Image-text web data:
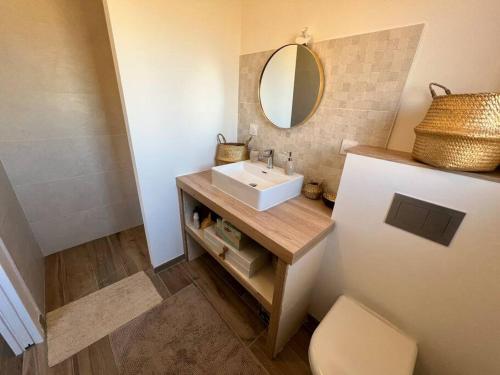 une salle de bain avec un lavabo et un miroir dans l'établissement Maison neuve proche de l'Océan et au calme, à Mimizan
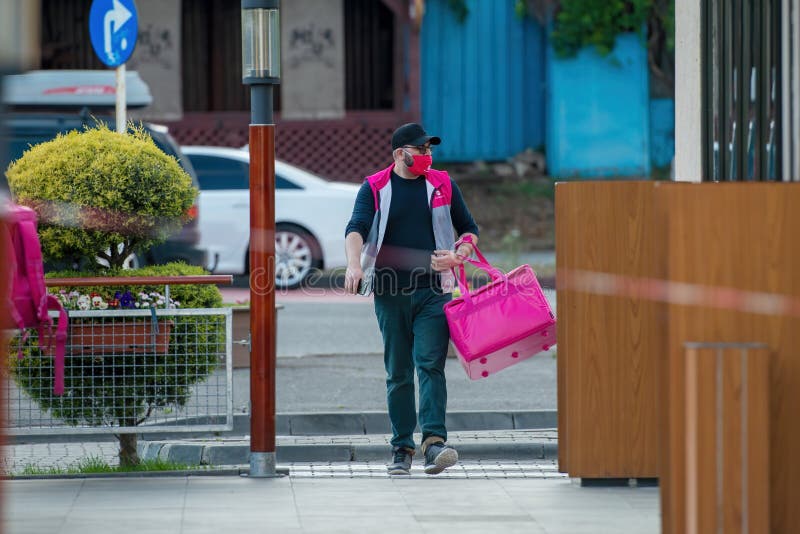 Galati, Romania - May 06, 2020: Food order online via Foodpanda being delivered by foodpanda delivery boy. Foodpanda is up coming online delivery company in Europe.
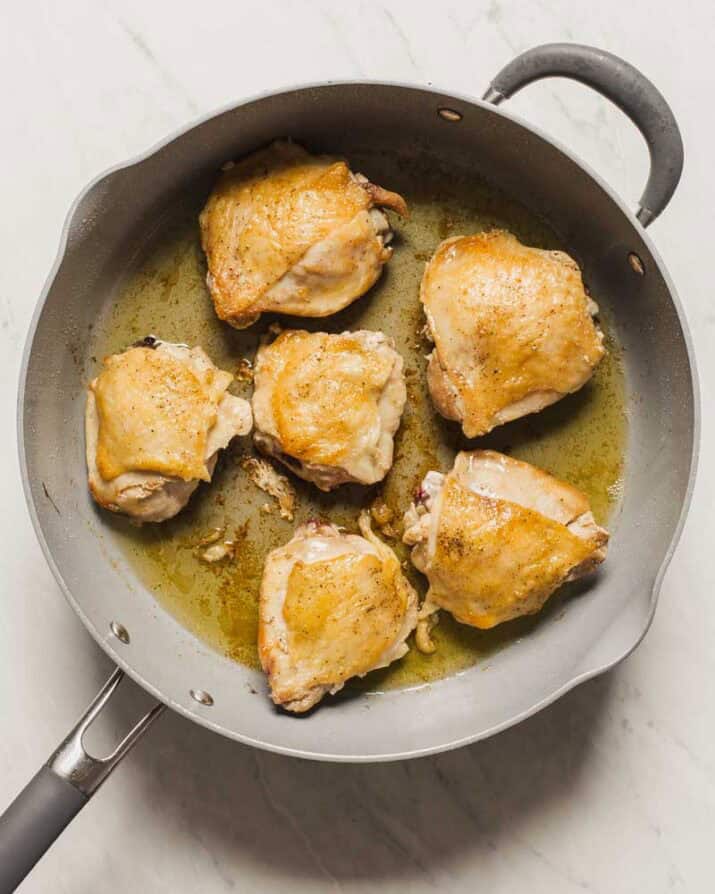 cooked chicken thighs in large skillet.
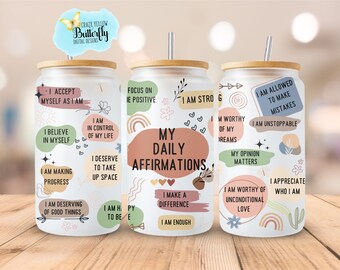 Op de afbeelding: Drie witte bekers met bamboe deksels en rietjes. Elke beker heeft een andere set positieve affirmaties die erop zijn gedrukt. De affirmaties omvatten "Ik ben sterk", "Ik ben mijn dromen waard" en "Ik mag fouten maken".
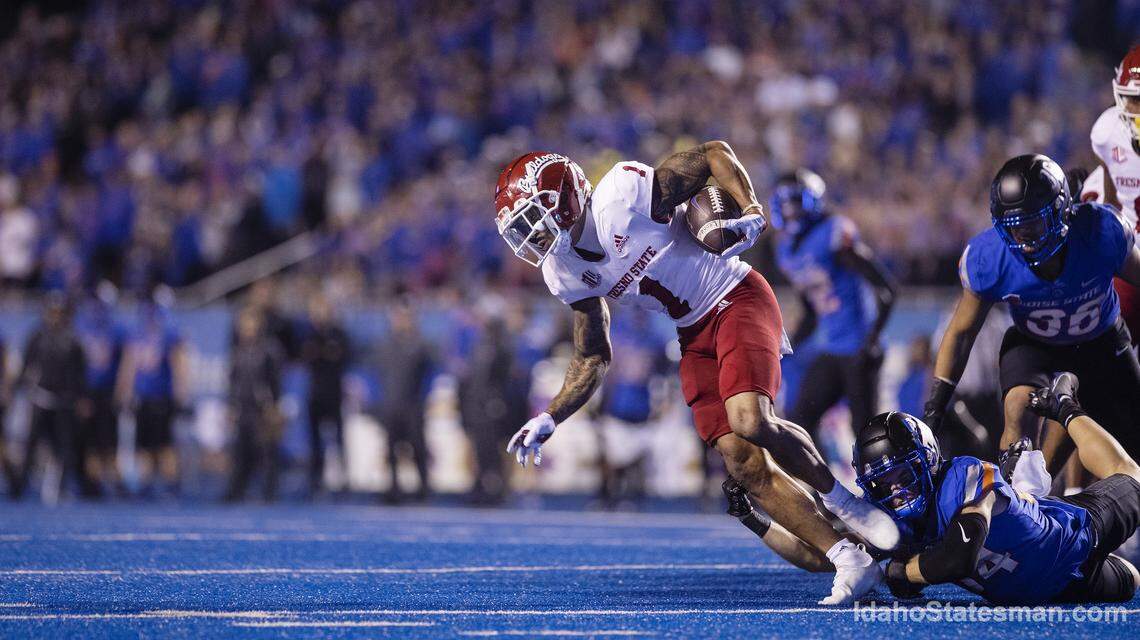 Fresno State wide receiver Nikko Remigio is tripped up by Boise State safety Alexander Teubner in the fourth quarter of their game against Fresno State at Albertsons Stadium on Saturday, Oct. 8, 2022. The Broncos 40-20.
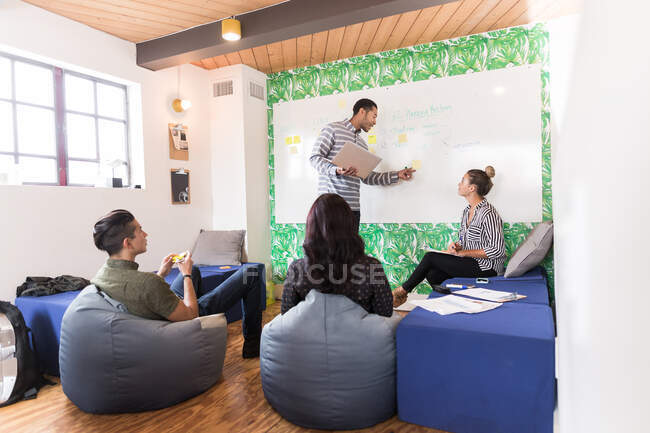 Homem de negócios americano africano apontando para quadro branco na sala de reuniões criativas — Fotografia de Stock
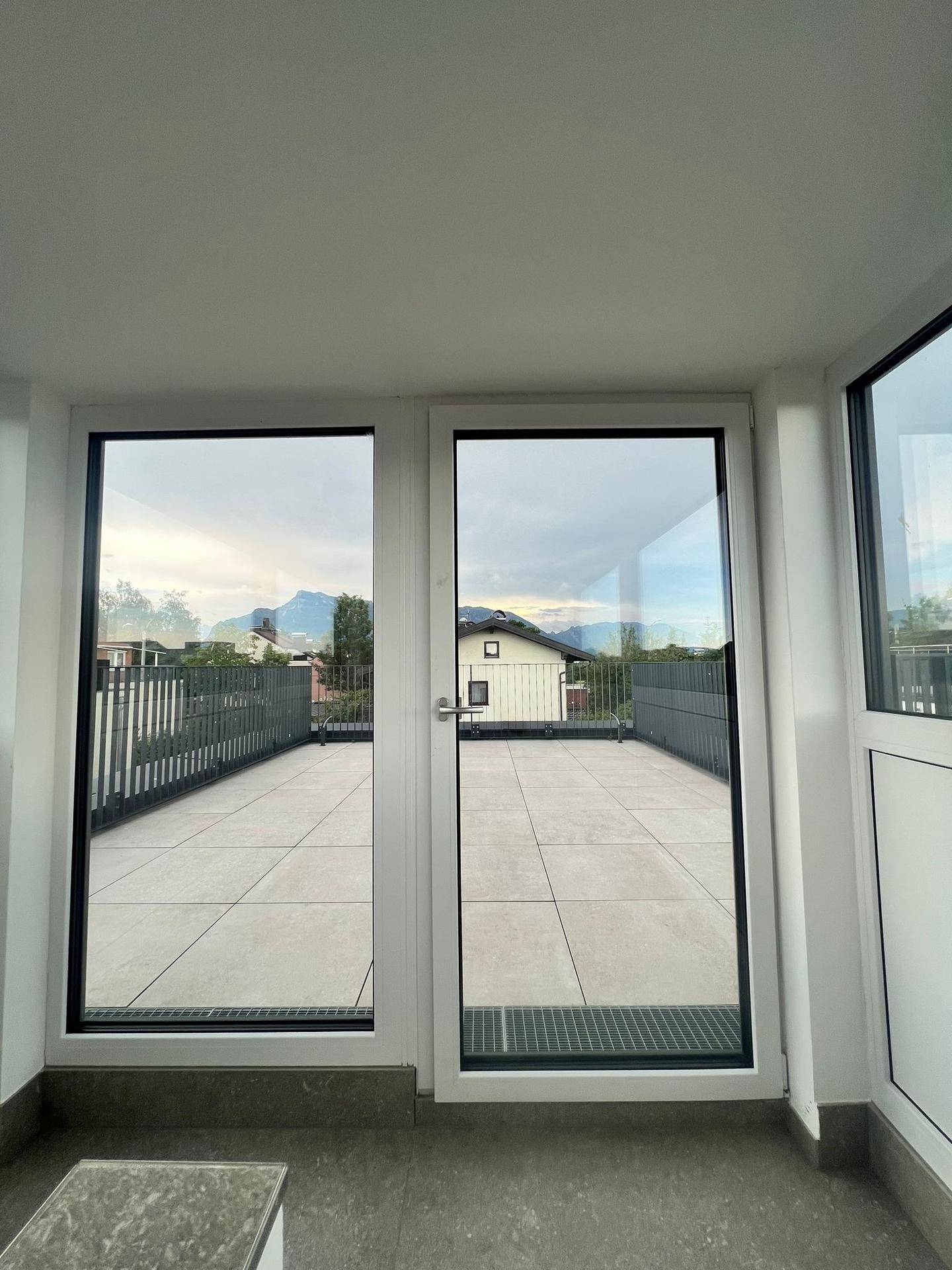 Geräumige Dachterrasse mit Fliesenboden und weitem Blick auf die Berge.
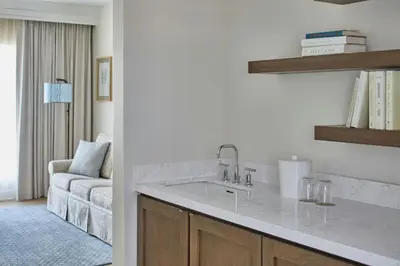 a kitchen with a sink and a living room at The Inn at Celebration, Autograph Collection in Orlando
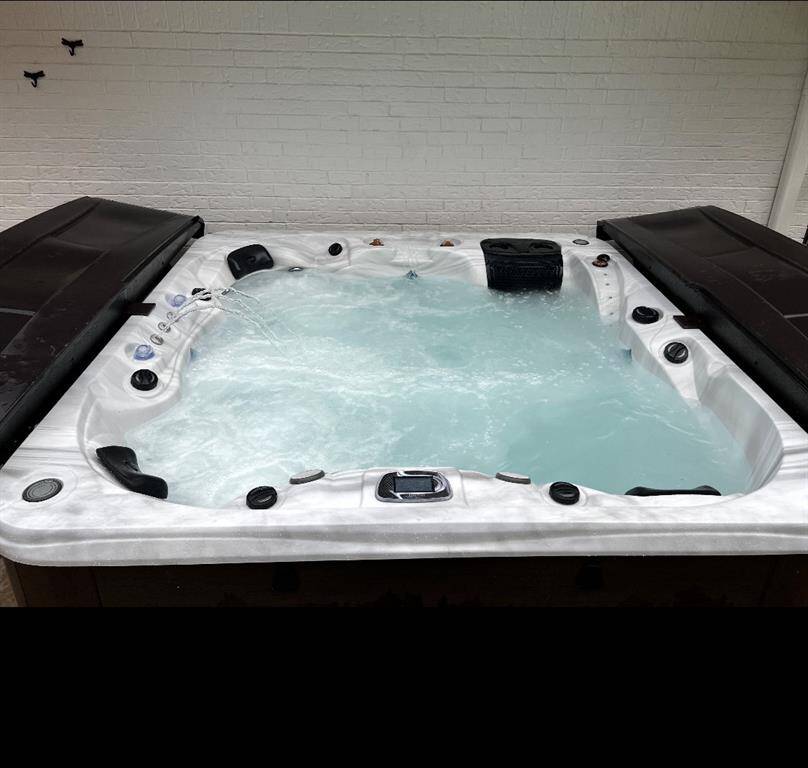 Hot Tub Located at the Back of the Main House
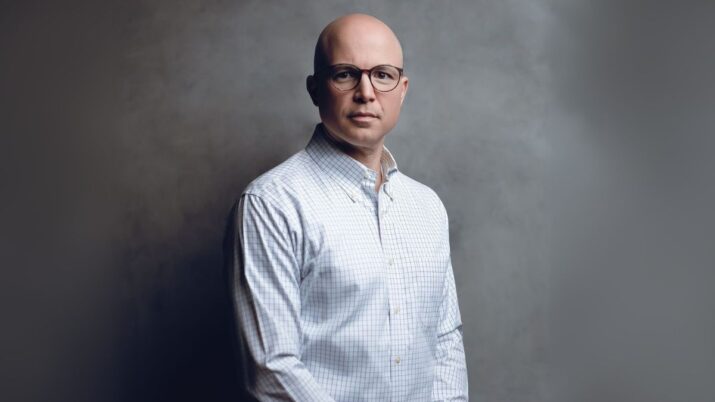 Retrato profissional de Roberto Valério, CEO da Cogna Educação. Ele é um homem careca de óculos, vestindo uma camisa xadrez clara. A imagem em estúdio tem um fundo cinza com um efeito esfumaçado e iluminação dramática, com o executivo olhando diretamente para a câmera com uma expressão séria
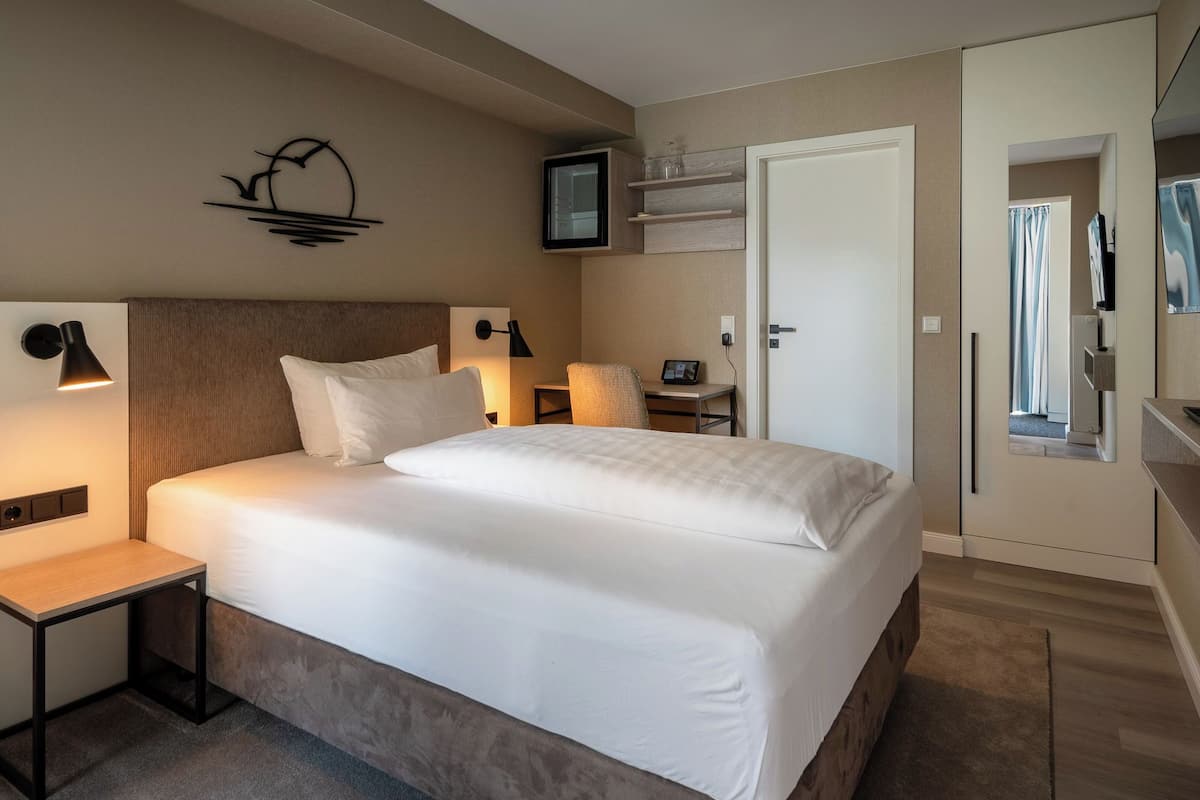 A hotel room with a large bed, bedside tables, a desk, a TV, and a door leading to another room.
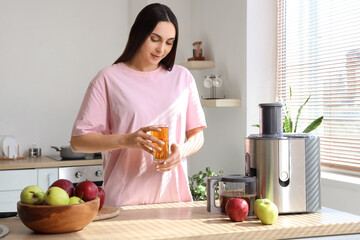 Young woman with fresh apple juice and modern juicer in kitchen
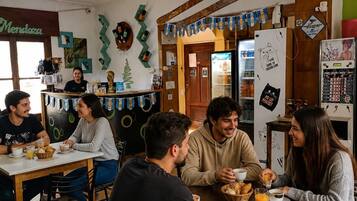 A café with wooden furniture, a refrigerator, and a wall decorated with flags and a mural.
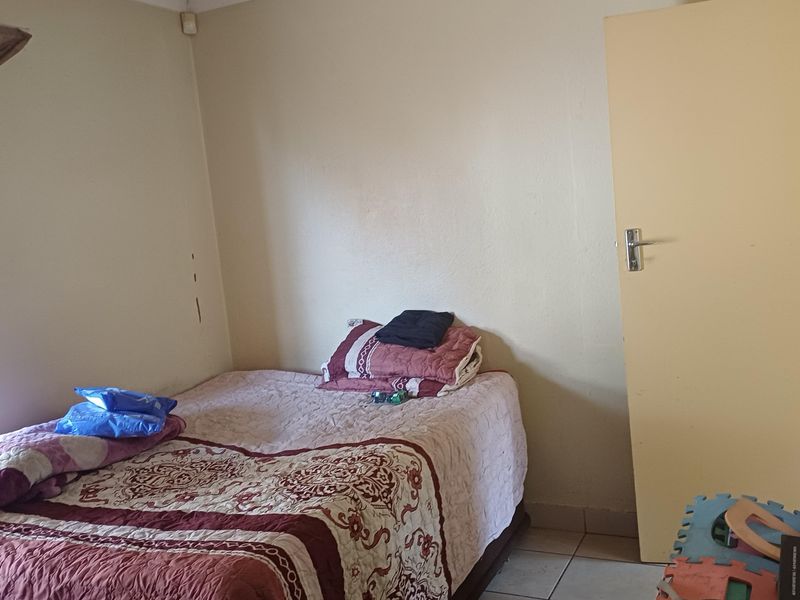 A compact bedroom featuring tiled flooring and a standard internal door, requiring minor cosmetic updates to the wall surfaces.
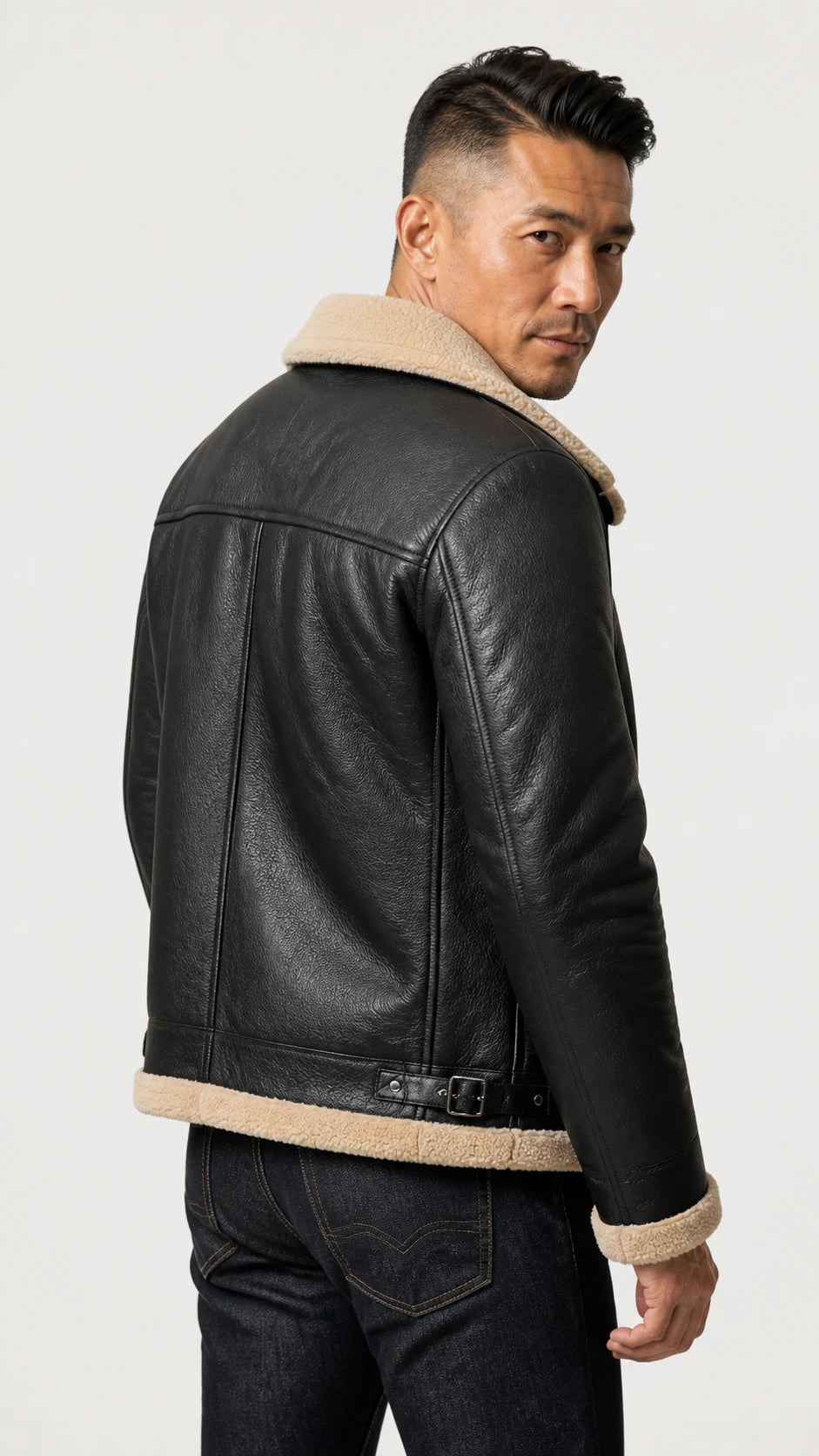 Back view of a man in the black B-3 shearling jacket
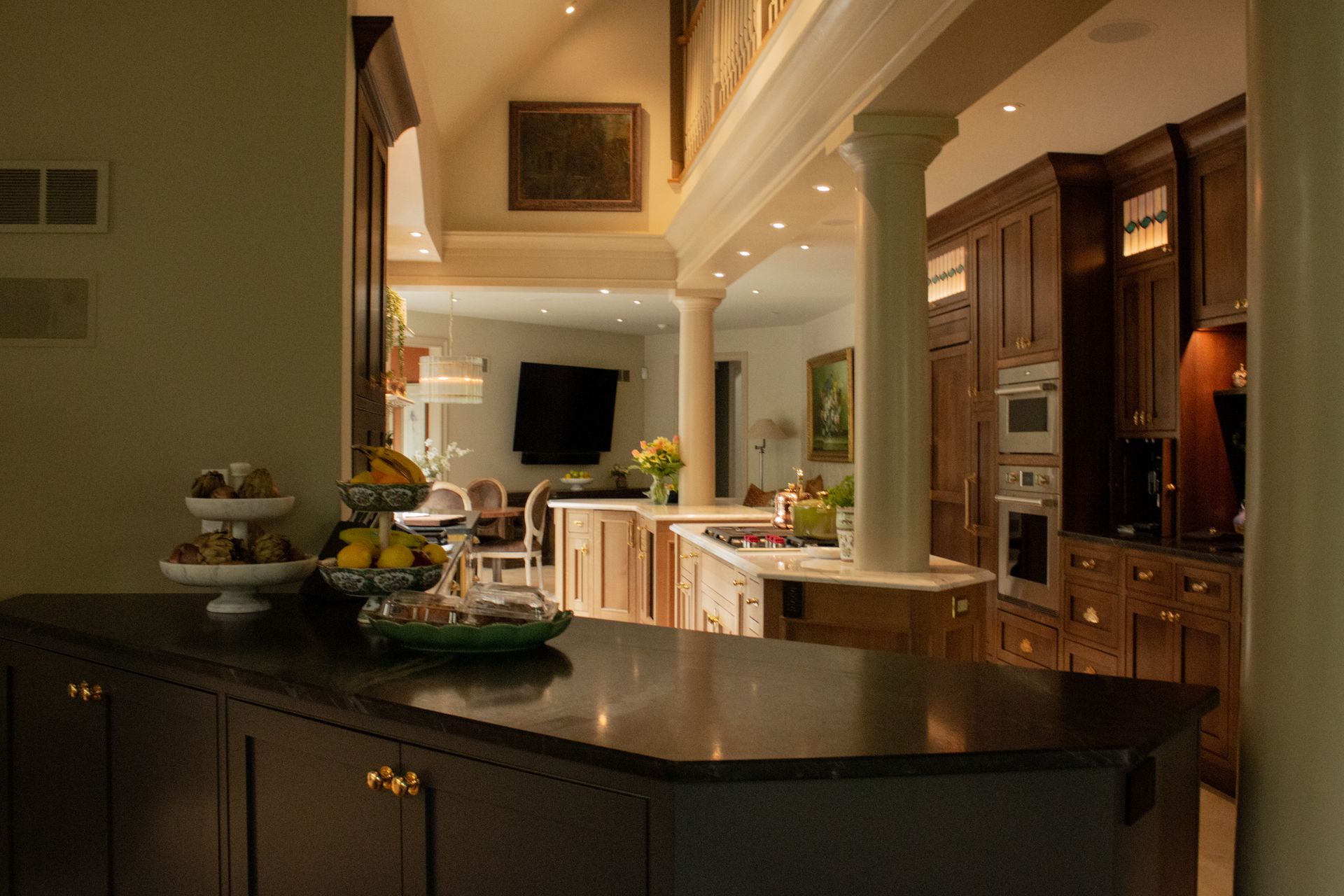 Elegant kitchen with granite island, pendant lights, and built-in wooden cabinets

*YOUR TASK*: Print the data exactly, from its first line to the line containing "Fresno State wide", both included. Omit the pictures.

*RESULT BELOW*:
 une salle de bain avec un lavabo et un miroir dans l'établissement Maison neuve proche de l'Océan et au calme, à Mimizan
 Galati, Romania - May 06, 2020: Food order online via Foodpanda being delivered by foodpanda delivery boy. Foodpanda is up coming online delivery company in Europe.
 cooked chicken thighs in large skillet.
 Op de afbeelding: Drie witte bekers met bamboe deksels en rietjes. Elke beker heeft een andere set positieve affirmaties die erop zijn gedrukt. De affirmaties omvatten "Ik ben sterk", "Ik ben mijn dromen waard" en "Ik mag fouten maken".
 Fresno State wide receiver Nikko Remigio is tripped up by Boise State safety Alexander Teubner in the fourth quarter of their game against Fresno State at Albertsons Stadium on Saturday, Oct. 8, 2022. The Broncos 40-20.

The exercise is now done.